Instructions to follow.
Whenever a picture appears in the listing below, leave it out, and copy exactly the lines from the one containing "Pulkstenis CALVIN KLEIN" through the end.

(Exercise material Opens)

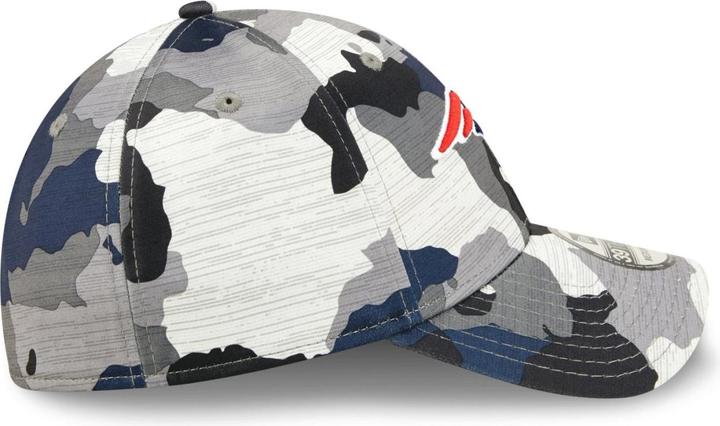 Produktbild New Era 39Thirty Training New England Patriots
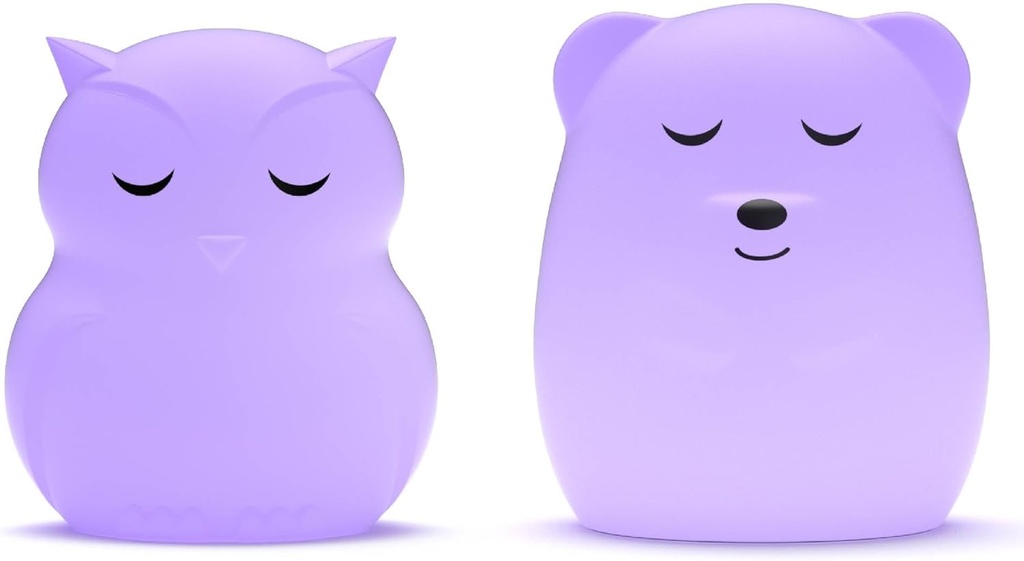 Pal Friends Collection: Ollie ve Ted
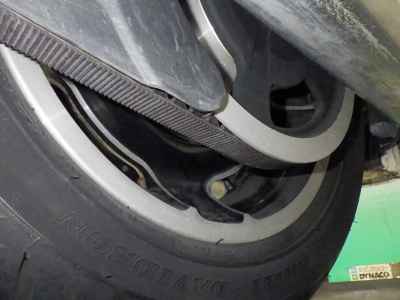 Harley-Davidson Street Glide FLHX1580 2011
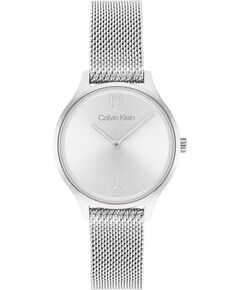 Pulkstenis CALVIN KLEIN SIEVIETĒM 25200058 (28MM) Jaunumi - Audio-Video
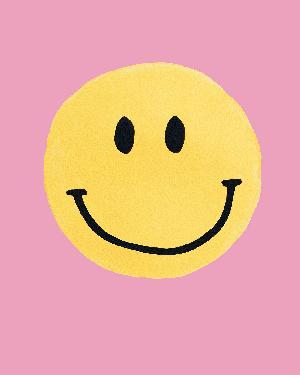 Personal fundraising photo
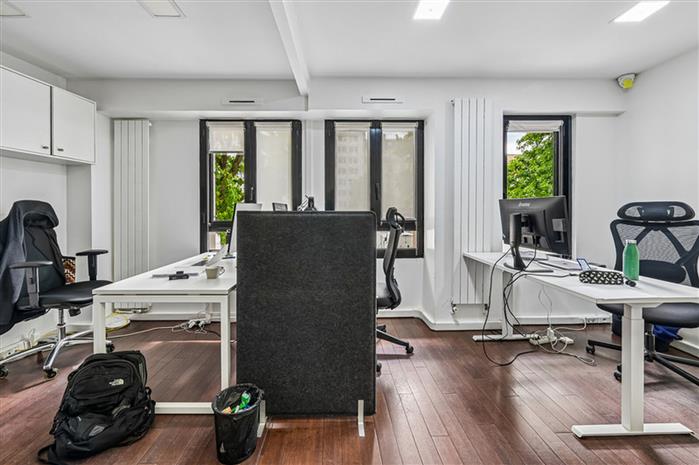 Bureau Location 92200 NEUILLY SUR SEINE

(Exercise material Closes)

Solution below.
 Pulkstenis CALVIN KLEIN SIEVIETĒM 25200058 (28MM) Jaunumi - Audio-Video
 Personal fundraising photo
 Bureau Location 92200 NEUILLY SUR SEINE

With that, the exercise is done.